- Peerapur
- Country: India
- State: Bihar
- District: Vaishali
- Anchal: Jandaha
- Vidhan Sabha constituency: Mahnar Vidhan Sabha

Government
- • Type: Gram Panchayat
- • Body: Panchayati raj

Population (2011)
- • Total: 5,539
- Demonym: Maithil

Language
- • Official: Hindi
- • Additional official: Maithili
- Time zone: UTC+5:30 (IST)
- Pincode: 844505

= Peerapur =

Village in Bihar, India

Peerapur or Pirapur is a village in the Jandaha block of Vaishali district in the state of Bihar, India. It is in Tirhut division.
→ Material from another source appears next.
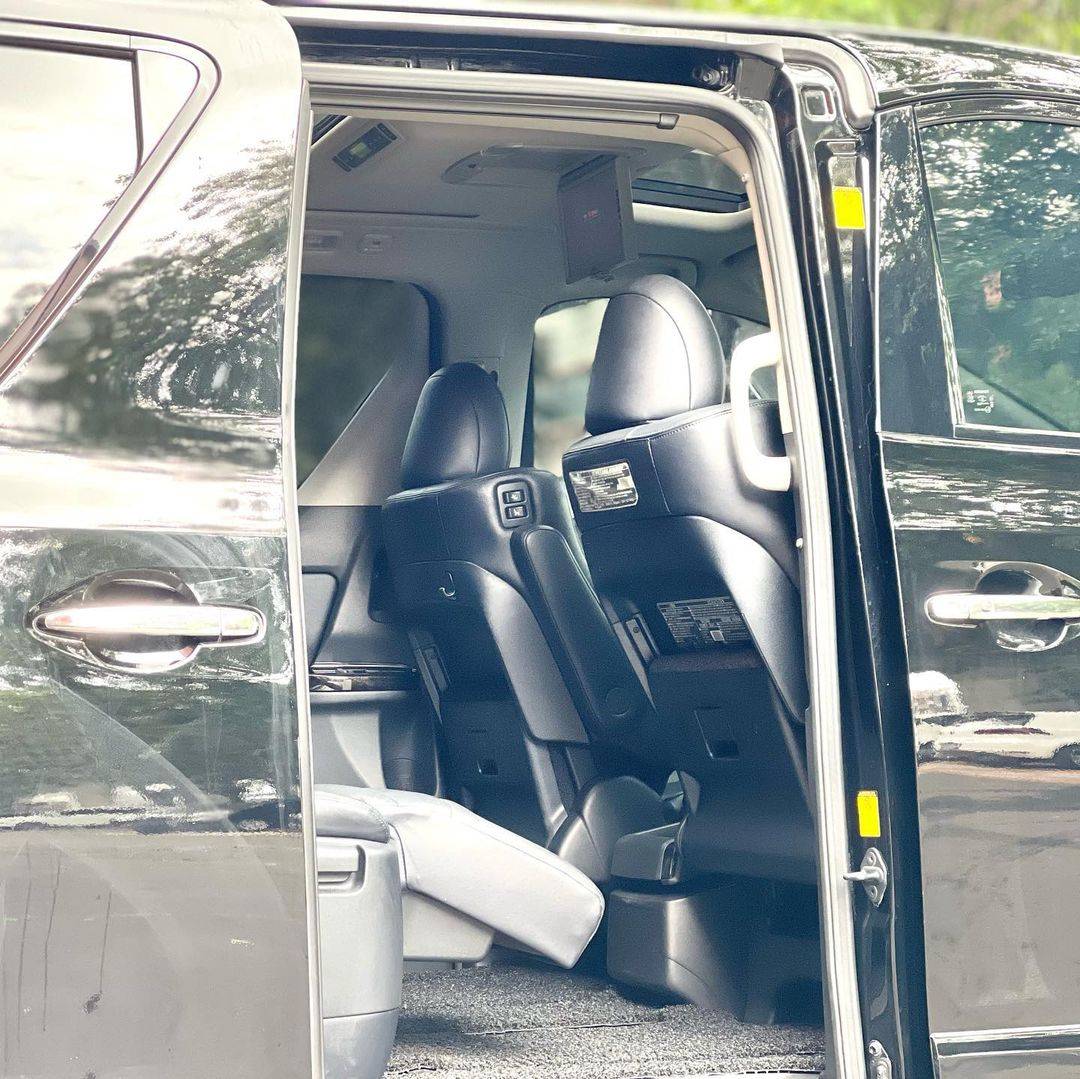 2013 Toyota Vellfire 2013 Toyota Vellfire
It is located more than 31 km from the nearest city of Hajipur and 44 km from the capital Patna. The local language is Maithili.

== Demographics ==
As per the 2011 census, Peerapur has a total population of 5,539 people, with 1,095 households. This village has higher literacy rate compared to Bihar. In 2011, literacy rate of Peerapur village was 73.96% compared to 61.80% of Bihar. In the village Male literacy stands at 80.14% while female literacy rate was 67.19%.

== Administration ==
Peerapur is a Gram panchayat. in the administrative region of Jandaha Block.

== Geography ==
The village of Peerapur is located between the Barela Bird Sanctuary and Arnia village. The Barela Bird Sanctuary is located in the north direction and similarly the Arnia village is located in the south direction from the village of Peerapur.